CEVAP: Yer dalgaları (ground waves) yeryüzü yüzeyinde hareket eden AM’nin öncelikli hizmet alanı olarak tanımlanmaktadır. Yüksek güçlü AM istasyonları gün boyunca yüzlerce kilometre uzaklıktaki dinleyicilerine ulaşabilmektedir. AM dalgalarının aksine FM dalgaları doğrusal olarak ilerlemektedir. FM istasyonları atmosferdeki gece değişikliklerinden etkilenmezler ve genellikle AM istasyonları kadar uzağa sinyallerini taşıyamazlar.
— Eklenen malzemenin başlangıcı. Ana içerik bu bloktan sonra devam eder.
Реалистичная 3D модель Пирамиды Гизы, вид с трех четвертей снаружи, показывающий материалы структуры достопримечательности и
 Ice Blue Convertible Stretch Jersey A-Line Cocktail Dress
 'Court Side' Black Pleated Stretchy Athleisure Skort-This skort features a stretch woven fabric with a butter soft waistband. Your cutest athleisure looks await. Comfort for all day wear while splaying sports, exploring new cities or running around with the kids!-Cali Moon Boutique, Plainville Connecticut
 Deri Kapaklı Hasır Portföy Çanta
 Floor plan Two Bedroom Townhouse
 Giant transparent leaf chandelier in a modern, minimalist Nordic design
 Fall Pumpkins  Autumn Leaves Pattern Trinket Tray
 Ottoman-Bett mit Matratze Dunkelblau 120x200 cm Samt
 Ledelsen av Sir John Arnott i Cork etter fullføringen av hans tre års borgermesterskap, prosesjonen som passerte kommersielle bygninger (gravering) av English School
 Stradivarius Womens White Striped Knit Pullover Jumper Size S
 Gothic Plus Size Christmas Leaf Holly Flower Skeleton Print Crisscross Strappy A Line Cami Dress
Yüksek güçlü bir FM istasyonu dinleyicilerine sinyal zayıfladığı için 80-100 km yarıçapında ulaşır.
#3
SORU: Radyo yayıncılığında sayısal teknolojinin kullanımını hızlandıran gelişmeler nelerdir?
CEVAP: Radyo yayınlarında sayısal teknoloji kullanımının yaygınlaşmasında en büyük etken, sayısal ses ve iletim teknolojilerinin sayısal platforma taşınması olarak tanımlanabilmektedir. 1980’lerin ortasından itibaren, gündelik yaşam içinde tüketiciler sayısal teknoloji ürünlerini kolaylıkla benimsemiş ve MP3, CD gibi sayısal teknoloji ürünlerinin kullanımı yaygınlaşmaya başlamıştır. Bu durum radyo yayınlarının ses ve iletim teknolojisinde de değişikliklere gidilmesi gerekliliğini ortaya çıkarmıştır.
#4
SORU: Uluslararası Telgraf Birliği’nin yayın alanı kullanımına ilişkin düzenlenmesi neleri kapsamaktadır?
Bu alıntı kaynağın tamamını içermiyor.